Central Role in Energy and Metabolism
A primary function of vitamin B5 is its role as a precursor to coenzyme A (CoA). CoA is a complex molecule involved in hundreds of biochemical reactions, acting as a carrier of acetyl and acyl groups.
CoA is important for the metabolism of carbohydrates, fats, and proteins, facilitating their conversion into usable energy. Acetyl-CoA, a derivative of CoA, serves as the entry point for carbon molecules from glucose, fatty acids, and amino acids into the citric acid cycle (also known as the Krebs cycle or TCA cycle). This cycle is the body’s main catabolic pathway, breaking down cellular building blocks for fuel.
CoA is also directly involved in fatty acid oxidation, breaking down fatty acids to produce energy. Its ability to carry carbon atoms within the cell highlights its widespread involvement in energy metabolism.
Diverse Contributions to Bodily Processes
Beyond its role in energy metabolism, vitamin B5 contributes to other important bodily processes. It is involved in the synthesis of fatty acids, which are important for cell structure and energy storage. The vitamin also aids in the production of cholesterol, a compound needed for cell membranes and the synthesis of certain hormones.
Vitamin B5 supports the production of steroid hormones, such as cortisol, which regulate blood sugar, electrolyte balance, blood pressure, and the body’s stress response. It also contributes to the formation of neurotransmitters like acetylcholine, involved in learning, memory, and cognitive performance. Vitamin B5 aids in the production of red blood cells, responsible for oxygen transport throughout the body.
This vitamin also impacts the health of skin and hair. It is frequently included in skincare and haircare products due to its moisturizing properties and its ability to support the healing of skin wounds.
Sources and Deficiency
Vitamin B5 is widely distributed in both animal and plant-based foods, which is why a deficiency is uncommon in individuals with a balanced diet. Common dietary sources include beef, chicken, organ meats, eggs, and milk. Plant-based sources are plentiful and include whole grains, mushrooms, avocados, potatoes, broccoli, legumes like peanuts and chickpeas, and sunflower seeds.

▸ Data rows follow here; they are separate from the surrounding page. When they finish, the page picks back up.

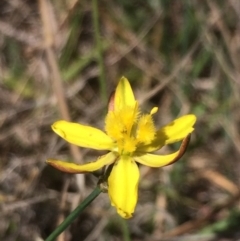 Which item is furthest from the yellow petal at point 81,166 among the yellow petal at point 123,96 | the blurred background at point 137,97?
the blurred background at point 137,97

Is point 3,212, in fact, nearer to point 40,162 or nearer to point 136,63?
point 40,162

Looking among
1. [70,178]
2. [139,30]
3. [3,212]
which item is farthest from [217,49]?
[3,212]

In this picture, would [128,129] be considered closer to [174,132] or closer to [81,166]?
[174,132]

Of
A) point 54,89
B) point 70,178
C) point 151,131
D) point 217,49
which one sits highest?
point 217,49

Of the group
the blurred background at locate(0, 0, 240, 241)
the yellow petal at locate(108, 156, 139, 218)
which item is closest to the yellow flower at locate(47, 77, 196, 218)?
the yellow petal at locate(108, 156, 139, 218)

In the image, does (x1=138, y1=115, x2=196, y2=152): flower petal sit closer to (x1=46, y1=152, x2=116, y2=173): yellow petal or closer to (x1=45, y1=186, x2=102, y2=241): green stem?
(x1=46, y1=152, x2=116, y2=173): yellow petal

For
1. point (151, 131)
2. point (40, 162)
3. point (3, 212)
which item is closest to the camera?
point (151, 131) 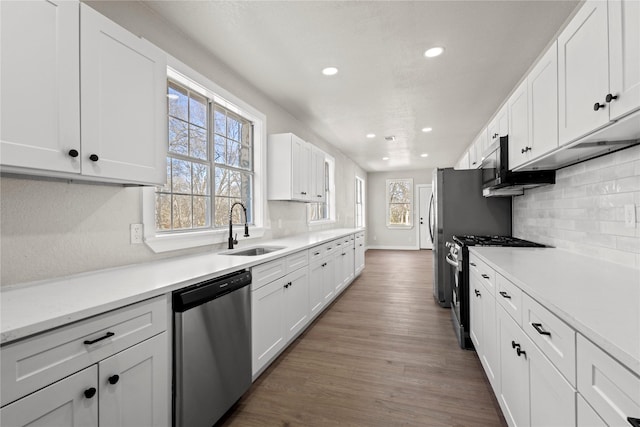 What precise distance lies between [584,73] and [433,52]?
145cm

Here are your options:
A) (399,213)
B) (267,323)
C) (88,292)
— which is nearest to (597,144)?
(267,323)

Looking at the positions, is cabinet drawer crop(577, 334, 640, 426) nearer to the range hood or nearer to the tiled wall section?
the range hood

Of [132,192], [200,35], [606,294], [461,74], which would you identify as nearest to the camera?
[606,294]

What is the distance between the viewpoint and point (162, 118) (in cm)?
179

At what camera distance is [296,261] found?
276 centimetres

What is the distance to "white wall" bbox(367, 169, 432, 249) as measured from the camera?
386 inches

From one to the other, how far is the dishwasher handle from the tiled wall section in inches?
86.5

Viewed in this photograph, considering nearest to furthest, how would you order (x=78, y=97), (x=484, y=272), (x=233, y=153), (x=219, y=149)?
1. (x=78, y=97)
2. (x=484, y=272)
3. (x=219, y=149)
4. (x=233, y=153)

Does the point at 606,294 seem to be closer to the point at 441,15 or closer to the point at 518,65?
the point at 441,15

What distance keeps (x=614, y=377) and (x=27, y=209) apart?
2.26 meters

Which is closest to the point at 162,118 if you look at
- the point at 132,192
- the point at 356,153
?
the point at 132,192

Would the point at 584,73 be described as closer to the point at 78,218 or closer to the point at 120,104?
the point at 120,104

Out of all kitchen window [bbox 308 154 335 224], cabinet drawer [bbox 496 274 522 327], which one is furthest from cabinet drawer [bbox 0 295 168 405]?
kitchen window [bbox 308 154 335 224]

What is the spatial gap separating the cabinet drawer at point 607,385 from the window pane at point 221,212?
264 centimetres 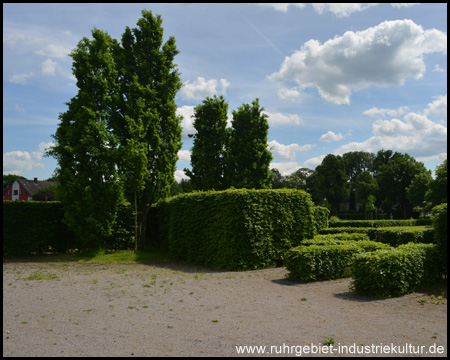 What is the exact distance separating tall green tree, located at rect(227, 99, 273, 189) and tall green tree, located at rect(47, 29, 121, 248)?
12508mm

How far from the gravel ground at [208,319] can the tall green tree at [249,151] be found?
60.3 ft

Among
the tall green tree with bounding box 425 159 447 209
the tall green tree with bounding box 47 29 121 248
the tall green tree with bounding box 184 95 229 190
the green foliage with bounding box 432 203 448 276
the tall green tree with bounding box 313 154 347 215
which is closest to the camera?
the green foliage with bounding box 432 203 448 276

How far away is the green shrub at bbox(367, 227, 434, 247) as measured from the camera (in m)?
14.9

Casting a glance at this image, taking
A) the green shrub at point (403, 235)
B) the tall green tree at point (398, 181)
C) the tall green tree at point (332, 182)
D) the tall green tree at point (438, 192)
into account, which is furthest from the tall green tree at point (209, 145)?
the tall green tree at point (398, 181)

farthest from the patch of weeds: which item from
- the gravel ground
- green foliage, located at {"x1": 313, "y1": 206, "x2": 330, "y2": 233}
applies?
green foliage, located at {"x1": 313, "y1": 206, "x2": 330, "y2": 233}

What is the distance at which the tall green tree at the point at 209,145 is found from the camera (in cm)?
2909

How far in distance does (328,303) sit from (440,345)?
9.88ft

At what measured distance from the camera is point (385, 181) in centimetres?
6272

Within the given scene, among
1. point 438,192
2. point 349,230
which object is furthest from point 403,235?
point 438,192

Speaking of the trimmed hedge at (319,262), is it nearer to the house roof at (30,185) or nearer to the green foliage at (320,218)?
the green foliage at (320,218)

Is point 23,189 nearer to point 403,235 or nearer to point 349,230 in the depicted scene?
point 349,230

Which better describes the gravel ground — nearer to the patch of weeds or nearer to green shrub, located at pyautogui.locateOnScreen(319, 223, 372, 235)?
the patch of weeds

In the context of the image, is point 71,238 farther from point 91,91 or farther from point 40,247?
point 91,91

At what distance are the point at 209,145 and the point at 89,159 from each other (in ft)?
40.4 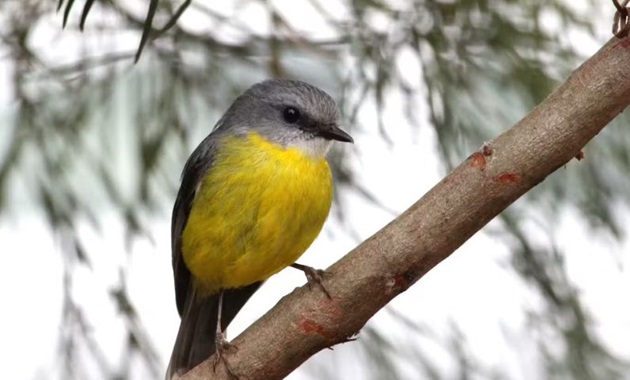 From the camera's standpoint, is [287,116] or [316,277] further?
[287,116]

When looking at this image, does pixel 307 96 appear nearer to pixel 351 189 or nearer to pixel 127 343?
pixel 351 189

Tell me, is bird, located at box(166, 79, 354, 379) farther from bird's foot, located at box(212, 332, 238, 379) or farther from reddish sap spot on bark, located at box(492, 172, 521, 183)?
reddish sap spot on bark, located at box(492, 172, 521, 183)

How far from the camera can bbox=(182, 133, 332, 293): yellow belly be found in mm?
2559

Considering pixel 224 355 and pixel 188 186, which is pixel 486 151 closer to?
pixel 224 355

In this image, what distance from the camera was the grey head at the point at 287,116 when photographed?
8.86 ft

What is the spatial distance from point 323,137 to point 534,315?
0.65m

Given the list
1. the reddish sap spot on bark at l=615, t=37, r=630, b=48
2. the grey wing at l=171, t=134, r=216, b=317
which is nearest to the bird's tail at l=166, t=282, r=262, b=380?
the grey wing at l=171, t=134, r=216, b=317

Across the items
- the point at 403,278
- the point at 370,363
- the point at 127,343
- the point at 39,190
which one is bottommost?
the point at 403,278

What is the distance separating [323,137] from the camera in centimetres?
270

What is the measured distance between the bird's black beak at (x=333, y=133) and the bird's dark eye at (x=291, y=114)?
0.12 metres

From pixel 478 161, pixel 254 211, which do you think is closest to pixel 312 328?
pixel 478 161

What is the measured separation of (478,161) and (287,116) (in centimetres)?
105

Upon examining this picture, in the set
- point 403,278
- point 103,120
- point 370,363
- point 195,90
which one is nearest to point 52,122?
point 103,120

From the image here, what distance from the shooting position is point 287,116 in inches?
111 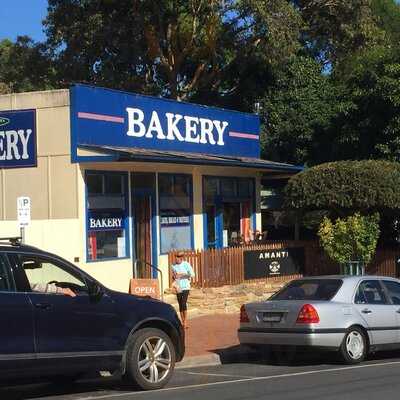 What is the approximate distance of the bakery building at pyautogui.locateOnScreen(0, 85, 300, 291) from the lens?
16.5m

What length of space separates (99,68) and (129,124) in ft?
47.8

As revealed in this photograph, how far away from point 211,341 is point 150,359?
4497 millimetres

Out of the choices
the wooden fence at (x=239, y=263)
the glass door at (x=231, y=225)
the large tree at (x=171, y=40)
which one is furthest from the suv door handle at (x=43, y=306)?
the large tree at (x=171, y=40)

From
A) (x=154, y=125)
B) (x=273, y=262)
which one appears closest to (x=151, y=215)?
(x=154, y=125)

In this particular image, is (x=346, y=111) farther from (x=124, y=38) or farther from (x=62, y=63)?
(x=62, y=63)

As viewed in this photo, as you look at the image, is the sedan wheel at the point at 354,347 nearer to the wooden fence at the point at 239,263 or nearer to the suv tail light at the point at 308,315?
the suv tail light at the point at 308,315

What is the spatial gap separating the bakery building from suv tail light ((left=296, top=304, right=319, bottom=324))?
5876 mm

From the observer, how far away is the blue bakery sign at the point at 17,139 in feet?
55.0

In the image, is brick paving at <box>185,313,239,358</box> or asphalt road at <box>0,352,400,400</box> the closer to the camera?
asphalt road at <box>0,352,400,400</box>

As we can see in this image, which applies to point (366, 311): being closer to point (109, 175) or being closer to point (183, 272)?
point (183, 272)

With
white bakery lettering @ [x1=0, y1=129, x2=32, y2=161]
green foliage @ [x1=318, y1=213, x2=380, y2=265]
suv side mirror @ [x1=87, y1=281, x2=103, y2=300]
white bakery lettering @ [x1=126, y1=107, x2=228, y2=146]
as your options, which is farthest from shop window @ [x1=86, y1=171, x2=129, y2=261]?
suv side mirror @ [x1=87, y1=281, x2=103, y2=300]

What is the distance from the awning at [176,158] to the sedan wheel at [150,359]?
670 centimetres

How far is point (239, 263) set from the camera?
20125mm

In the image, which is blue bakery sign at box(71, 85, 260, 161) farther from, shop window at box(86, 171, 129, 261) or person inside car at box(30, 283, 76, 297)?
person inside car at box(30, 283, 76, 297) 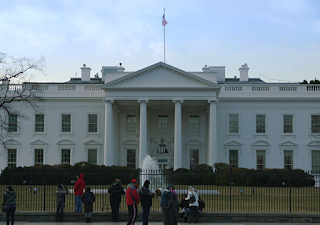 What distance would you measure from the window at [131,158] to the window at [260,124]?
506 inches

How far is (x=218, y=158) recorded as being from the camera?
1869 inches

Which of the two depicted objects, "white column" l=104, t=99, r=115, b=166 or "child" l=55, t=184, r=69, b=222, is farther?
"white column" l=104, t=99, r=115, b=166

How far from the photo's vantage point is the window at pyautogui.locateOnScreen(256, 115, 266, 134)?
155 feet

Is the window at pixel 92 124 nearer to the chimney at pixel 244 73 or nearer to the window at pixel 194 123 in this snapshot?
the window at pixel 194 123

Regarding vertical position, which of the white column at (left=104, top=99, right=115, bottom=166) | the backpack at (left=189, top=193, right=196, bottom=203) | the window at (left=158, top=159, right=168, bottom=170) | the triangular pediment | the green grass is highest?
the triangular pediment

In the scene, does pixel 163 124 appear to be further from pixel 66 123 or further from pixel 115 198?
pixel 115 198

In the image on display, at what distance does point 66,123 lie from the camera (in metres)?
47.6

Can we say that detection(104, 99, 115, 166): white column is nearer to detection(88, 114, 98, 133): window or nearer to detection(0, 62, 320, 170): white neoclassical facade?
detection(0, 62, 320, 170): white neoclassical facade

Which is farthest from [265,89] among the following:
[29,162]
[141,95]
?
→ [29,162]

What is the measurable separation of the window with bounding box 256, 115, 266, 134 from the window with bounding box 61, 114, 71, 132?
19203mm

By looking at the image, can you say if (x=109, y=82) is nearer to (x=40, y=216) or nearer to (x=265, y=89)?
(x=265, y=89)

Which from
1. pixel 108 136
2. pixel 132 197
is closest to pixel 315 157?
pixel 108 136

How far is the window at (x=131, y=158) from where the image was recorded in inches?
1877

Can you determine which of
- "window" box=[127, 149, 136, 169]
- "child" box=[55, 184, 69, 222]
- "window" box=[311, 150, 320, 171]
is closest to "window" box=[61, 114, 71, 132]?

Despite its widespread presence, food processing methods such as milling, canning, freezing, and boiling can reduce the vitamin B5 content. While intestinal bacteria may produce some pantothenic acid, this amount is generally not sufficient to meet daily requirements. Adults typically need around 5 milligrams per day, with slightly higher recommendations for pregnant (6 mg/day) and lactating (7 mg/day) individuals.
Should a deficiency occur, often in cases of severe malnutrition or rare genetic disorders affecting pantothenic acid metabolism, several symptoms might manifest. These can include fatigue, irritability, headaches, and sleep disturbances. Other potential signs include numbness or a burning sensation in the hands and feet, muscle cramps, and gastrointestinal issues such as nausea, vomiting, or stomach cramps.